#### Problem to solve
Nothing should appear in the answer except the lines below from the line containing "Mahindra's logo" through the line containing "2015-2020 Audi A3", copied exactly, with pictures left out.

#### Input data
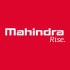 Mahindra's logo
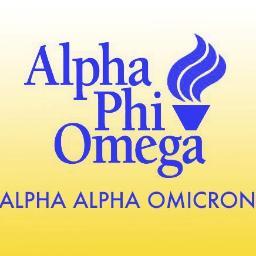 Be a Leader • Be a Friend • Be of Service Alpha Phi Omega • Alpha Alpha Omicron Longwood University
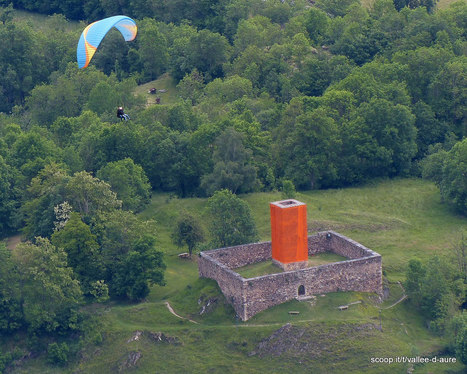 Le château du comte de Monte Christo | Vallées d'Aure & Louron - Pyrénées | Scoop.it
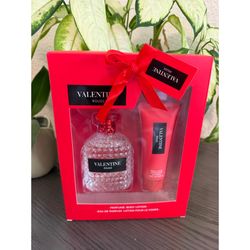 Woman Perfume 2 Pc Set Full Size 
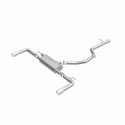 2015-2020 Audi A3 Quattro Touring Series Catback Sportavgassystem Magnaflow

---

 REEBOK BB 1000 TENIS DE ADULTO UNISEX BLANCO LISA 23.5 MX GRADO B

==

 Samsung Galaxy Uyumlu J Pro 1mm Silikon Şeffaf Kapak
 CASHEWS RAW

#### Result of the exercise
 Mahindra's logo
 Be a Leader • Be a Friend • Be of Service Alpha Phi Omega • Alpha Alpha Omicron Longwood University
 Le château du comte de Monte Christo | Vallées d'Aure & Louron - Pyrénées | Scoop.it
 Woman Perfume 2 Pc Set Full Size 
 2015-2020 Audi A3 Quattro Touring Series Catback Sportavgassystem Magnaflow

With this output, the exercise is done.